The Coin Museum was an initiative taken by the Indian Institute of Research in Numismatic Studies in the 1980s.
This Institute initially worked solely for researchers and students. Mr.Jha explained the lack of willingness of other institutions to let researchers study their collection of coins. There is always a fear of a coin being stolen or lost. To overcome this hurdle, the institute reached out to museums worldwide for up close and detailed pictures of coins for students and researchers to study from.
They have more than a lakh (100,000) of such pictures. With time as we have adopted ourselves to a digital age, the museum now records pictures of these coins digitally. Together they have about 400,000 images!
Besides these collections, the museum also has some of the best numismatic libraries you can find. They have wide ranging collections with journals written in Hindi, Marathi, English, Russian, French, German and a few other languages.
As for the coins on display, private collectors have donated these precious coins to this museum. Coins which you might not see in other museums.
And of course if you have questions, which you certainly will, the staff at the museum would surely be happy to help!
And if you decided to take your students along, there are tons of things they can learn from and have fun with.
In a bid to attract youngsters, the museum organises workshops. School children are taught how archaeology works. Students are then asked to get their hands dirty and dig! The hidden ‘artefacts’ in these dummy trenches are examined by the students and documented. Just like a real archaeologist….
That’s fun, isn’t it?
The Museum has surely put in a lot of efforts and their admiration for history is clearly seen.
In 2018, the Nashik Coin Museum was renamed as Shanti-Krishna Museum of Money and History.
It is one of the few places in India where we can see the various coins minted in the country over thousands of years and the history of behind this coinage.

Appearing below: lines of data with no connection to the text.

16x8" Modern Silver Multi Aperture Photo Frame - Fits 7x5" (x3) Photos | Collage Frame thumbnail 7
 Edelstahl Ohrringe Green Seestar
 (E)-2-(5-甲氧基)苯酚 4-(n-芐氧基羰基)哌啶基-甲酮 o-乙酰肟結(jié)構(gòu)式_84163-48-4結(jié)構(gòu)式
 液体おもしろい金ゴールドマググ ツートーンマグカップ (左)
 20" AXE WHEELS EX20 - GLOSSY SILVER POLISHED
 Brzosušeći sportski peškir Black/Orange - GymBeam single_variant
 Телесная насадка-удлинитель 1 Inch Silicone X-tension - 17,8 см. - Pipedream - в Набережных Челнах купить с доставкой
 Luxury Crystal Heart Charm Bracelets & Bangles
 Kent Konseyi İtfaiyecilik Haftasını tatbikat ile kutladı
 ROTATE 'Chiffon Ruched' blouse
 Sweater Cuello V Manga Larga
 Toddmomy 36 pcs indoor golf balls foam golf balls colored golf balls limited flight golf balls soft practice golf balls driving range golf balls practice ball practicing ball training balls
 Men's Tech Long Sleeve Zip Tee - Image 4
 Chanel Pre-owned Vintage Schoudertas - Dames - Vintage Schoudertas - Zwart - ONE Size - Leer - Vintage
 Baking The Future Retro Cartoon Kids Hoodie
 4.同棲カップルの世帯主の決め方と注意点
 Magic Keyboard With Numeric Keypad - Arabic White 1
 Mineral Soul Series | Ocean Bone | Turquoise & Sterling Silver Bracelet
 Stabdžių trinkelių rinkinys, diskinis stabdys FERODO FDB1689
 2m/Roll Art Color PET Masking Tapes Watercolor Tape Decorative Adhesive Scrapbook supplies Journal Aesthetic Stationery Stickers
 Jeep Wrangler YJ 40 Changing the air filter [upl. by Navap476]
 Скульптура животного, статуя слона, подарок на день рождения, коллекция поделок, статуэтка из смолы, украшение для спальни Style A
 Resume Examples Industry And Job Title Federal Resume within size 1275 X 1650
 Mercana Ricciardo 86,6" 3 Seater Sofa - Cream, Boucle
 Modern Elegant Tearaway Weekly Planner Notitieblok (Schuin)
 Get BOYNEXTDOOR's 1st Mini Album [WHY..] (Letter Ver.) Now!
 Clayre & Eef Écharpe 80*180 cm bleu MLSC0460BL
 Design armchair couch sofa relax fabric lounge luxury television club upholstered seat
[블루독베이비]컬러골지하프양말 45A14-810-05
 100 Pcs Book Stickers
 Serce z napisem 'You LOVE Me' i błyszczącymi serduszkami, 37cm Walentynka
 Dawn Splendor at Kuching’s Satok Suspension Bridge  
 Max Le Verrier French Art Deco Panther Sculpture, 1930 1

How important are these coins?
When it comes to history, coins help historians uncover a lot about the socio-cultural, economic, technological aspects about humans. It is a coin’s value, size, shape, design and many other parts that each have a story of tell.
Isn’t that so fascinating to think that even a tiny artefact like a coin speaks so much about its artist.
Have you ever imagined what our successors might interpret from the digital coins we use today?